§ PROBLEM TO SOLVE
Reproduce the listing below from the line with "Sycamore's Layla Janisch" to the line with "Carrying What Can't", both lines included, character for character, minus any pictures.

§ SUPPLIED RECORDS
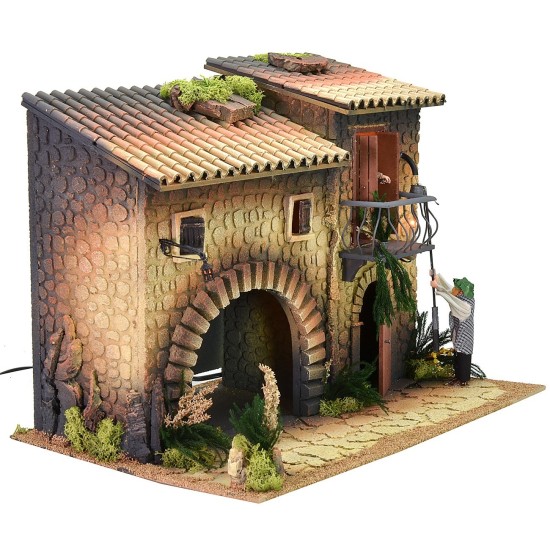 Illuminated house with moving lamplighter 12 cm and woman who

--

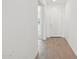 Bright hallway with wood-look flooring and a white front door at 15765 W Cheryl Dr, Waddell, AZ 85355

==

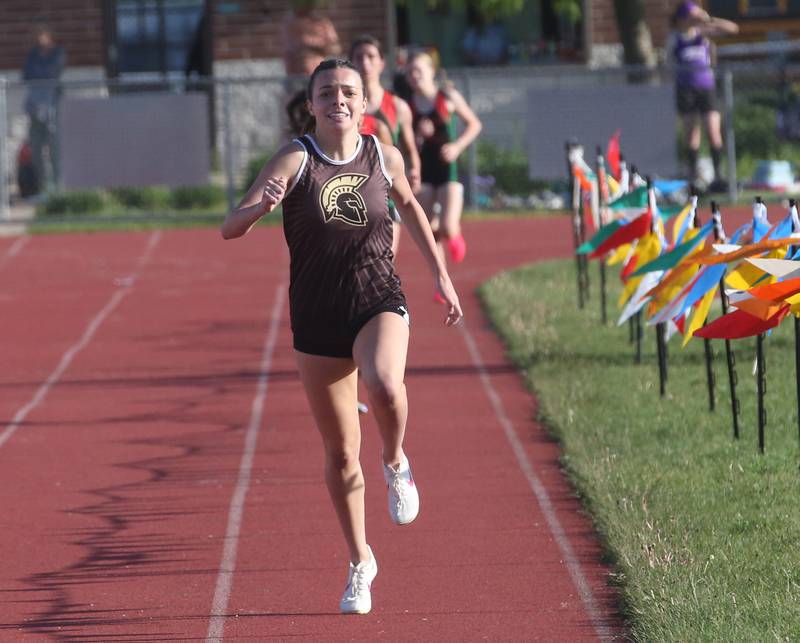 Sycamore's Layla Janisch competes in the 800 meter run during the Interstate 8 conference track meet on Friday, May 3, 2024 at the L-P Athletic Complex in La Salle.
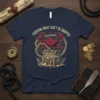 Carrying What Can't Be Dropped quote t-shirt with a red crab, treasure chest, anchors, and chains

§ ANSWER SPACE
 Sycamore's Layla Janisch competes in the 800 meter run during the Interstate 8 conference track meet on Friday, May 3, 2024 at the L-P Athletic Complex in La Salle.
 Carrying What Can't Be Dropped quote t-shirt with a red crab, treasure chest, anchors, and chains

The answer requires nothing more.